In this demo we have used Open Refine. The result of the mapping are put in the respective dataset folders in this repository:

reference/reference.ttl
ghent1/ghent1.ttl
newyork/newyork.ttl
ghent2/ghent2.ttl
antwerp/antwerp.ttl

Using a command-line tool which can be installed on debian/ubuntu systems using apt-get install raptor2-utils, we have converted the datasets into n-triples.

For each dataset we did:

rapper -i turtle -o ntriples antwerp.ttl > antwerp.nt

This generated this amount of triples:

Dataset	number of triples
reference	21
ghent1	48
newyork	16
antwerp	45
ghent2	24

Step 2: Generating the list of identifiers

For each dataset, we generated a file containing all the IDs defined in a dataset. Using the n-triples file, we can generate this quickly using this bash command for each dataset:

cut -d" " newyork.nt -f1,2,3 --output-delimiter="
" | grep "^<" | sort | uniq > ids.txt

Dataset	number of IDs
reference	12
ghent1	27
newyork	9
antwerp	18
ghent2	11
Total	77

Step 3: Getting the real world input

There are various ways to get to the real-world input: you can crowd-source it, you can reason over already existing data or you can fill it out yourself. The result of this step should be an n-triples file which contains for each identifier whether it does or does not mean the same in the real world. The predicates that we are going to use for this are defined at http://semweb.mmlab.be/ns/iiop ; iiop:sameAs and iiop:notSameAs. For this dataset this means we need 5852 (77*76) statements. As these statements are unknown at this moment, we can generate a list of 5852 questions.

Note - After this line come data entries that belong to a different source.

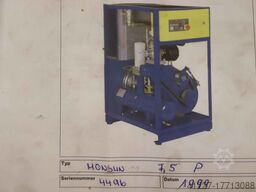 Steeb Blitz 100213 Monsun 7,5 P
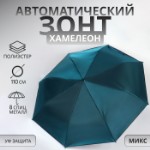 Зонт автоматический «Хамелеон», 3 сложения, 8 спиц, R = 47⁄55 см, D = 110 см, цвет МИКС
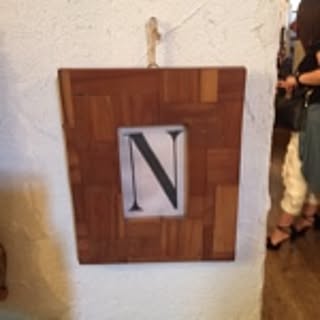 pi-koro-n2-dooon
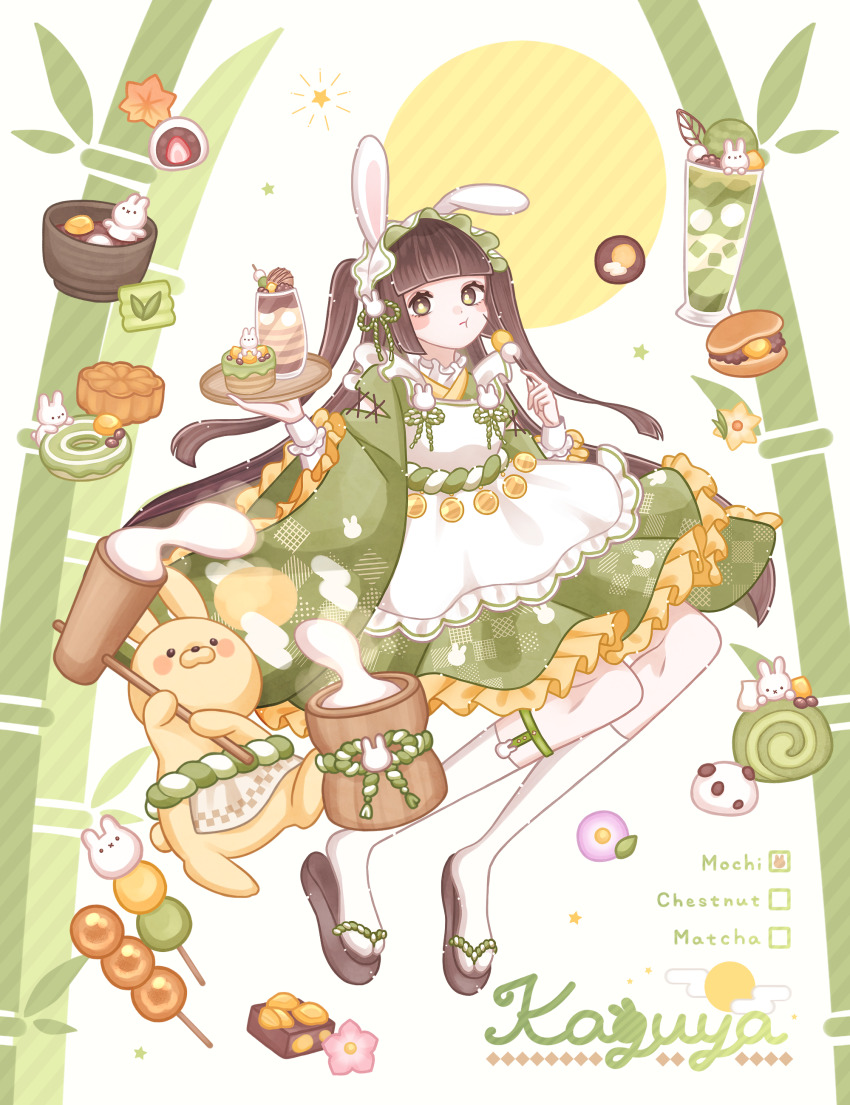 1girl, :t, absurdres, animal_ears, apron, ari_(oonmnmooo), bamboo, blush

During the process of solving these questions yourself, you can use a reasoner to assist you. Each time a statement is added, the reasoner will then check whether more questions can be derived. In this case, we will use the reasoner by Ruben Verborgh which uses the EYE software. We will use this query:

@prefix iiop: <http://semweb.mmlab.be/ns/iiop#> .
{ ?a iiop:sameAs ?b . } => { ?b iiop:sameAs ?a . } .
{ ?a iiop:notSameAs ?b . } => { ?b iiop:notSameAs ?a . } .
{ ?a iiop:sameAs ?b . ?b iiop:sameAs ?c . }
=>
{ ?a iiop:sameAs ?c . } .
{ ?a iiop:notSameAs ?b . ?b iiop:sameAs ?c . }
=>
{ ?a iiop:notSameAs ?c . } .

Step 3a: Generating the list of questions

An iiop question is a triple with 1 unknown predicate. The predicate can be iiop:sameAs or iiop:notSameAs:

<id1> ?unknown <id2> .

In order to generate this list, we first generate a list of all identifiers in our system. This is easy, as we already have made a list of all identifiers in each dataset.

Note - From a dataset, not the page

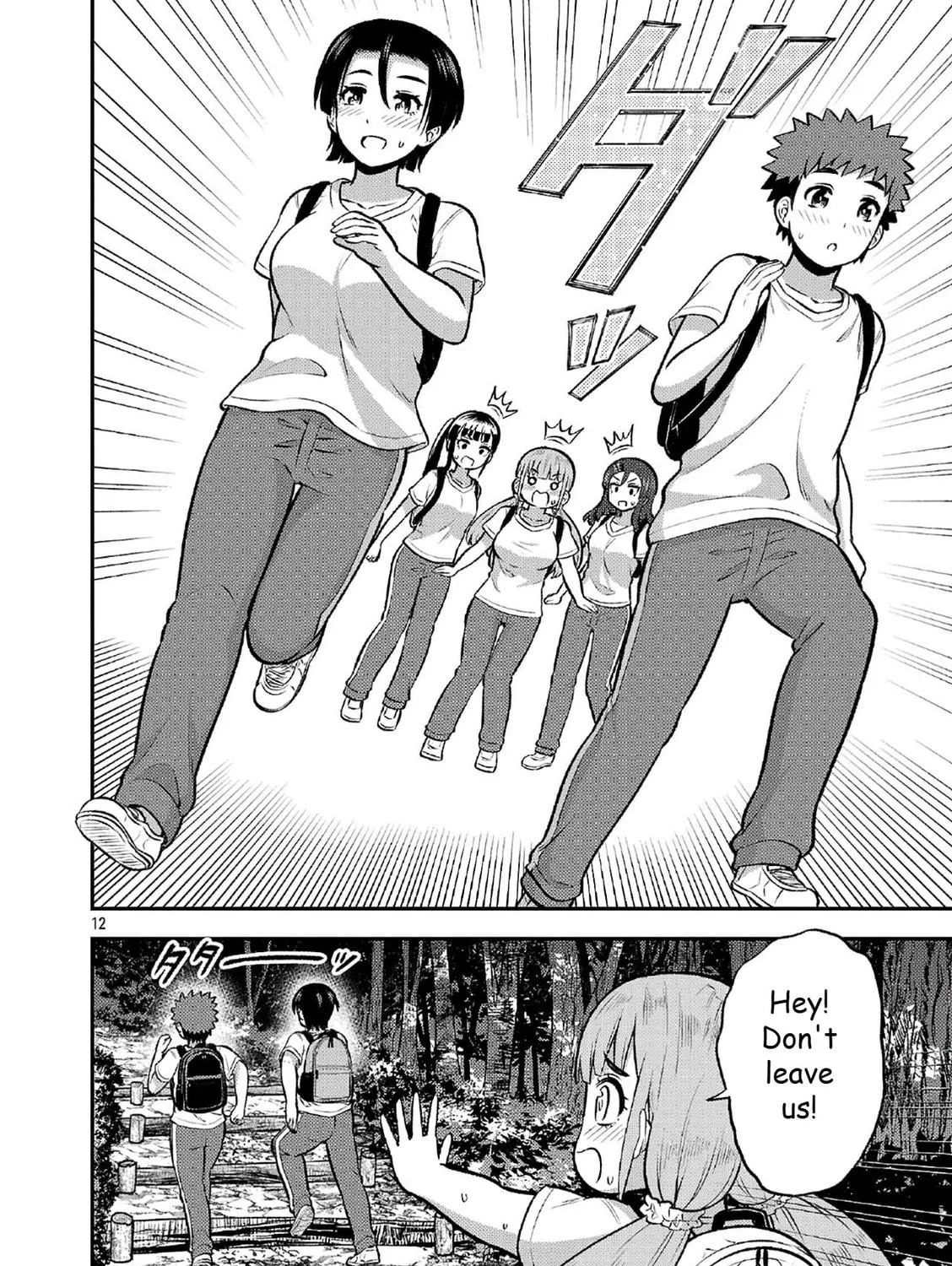 Yankee JK Kuzuhana-chan: Another Side of Heroine Chapter 11 page 23 -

cat reference/ids.txt ghent1/ids.txt newyork/ids.txt antwerp/ids.txt ghent2/ids.txt > ids.txt

Now, this list will be used to generate a list questions.nt. This is solved using 2 while loops:

while read id1 ; do {
  while read id2 ; do {
    [[ $id1 != $id2 ]] && echo "$id1 ?unknown $id2 . " ; 
  } done < ids.txt ;
} done < ids.txt > questions.nt

Step 3b: Answering the questions

Answering the question can be done in various ways. Each kind of set of data might be able to use its own methods: if we're talking about geospatial data, the identifiers can be compared on a map, if we're talking about tabular data, a mapping GUI could be made. We are going to use a more rudimental approach: we're going to copy the questions.nt towards iiopstatements.nt and we're going to use a text editor to find-replace-all ?unknown with <http://semweb.mmlab.be/ns/iiop#notSameAs>. Each time we find an identifier which is not the same, we're going to hit "yes, replace". If it is the same in the real world, we're going to hit "no, don't replace". Afterwards, all remaining ?unknown will be replace by <http://semweb.mmlab.be/ns/iiop#notSameAs>.

After uploading the files on our server, we can use the EYE Reasoner to help us a bit in the process (note that this can actually be implemented by the GUI):

curl "http://eye.restdesc.org/?data=http://iiop.demo.thedatatank.com/iiopstatements.nt&query=http://iiop.demo.thedatatank.com/query.n3" >temp.ttl
rapper -i turtle -o ntriples temp.ttl > temp.nt
curl http://iiop.demo.thedatatank.com/iiopstatements.nt> temp2.nt
cat temp.nt temp2.nt questions.nt | sort -t " " -k 1,1b -k 3,3b | sed 's/[ ]*$//' | uniq > answers.nt
rm temp.nt temp.ttl temp2.nt

You can then reopen answers.nt in your editor, remove the duplicates, and carry on with your work.

Remove duplicates using Emacs regex (C-M %)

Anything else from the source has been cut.